◆ **Work to be completed**
The line containing "Продажа Hyundai Accent" marks the start; return it and every line after it in the listing below, exactly, through the last.

◆ **Exercise data**
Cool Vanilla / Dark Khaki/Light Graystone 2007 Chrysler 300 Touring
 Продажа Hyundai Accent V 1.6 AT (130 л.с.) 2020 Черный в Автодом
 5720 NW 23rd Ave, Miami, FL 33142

◆ **Answer area**
 Продажа Hyundai Accent V 1.6 AT (130 л.с.) 2020 Черный в Автодом
 5720 NW 23rd Ave, Miami, FL 33142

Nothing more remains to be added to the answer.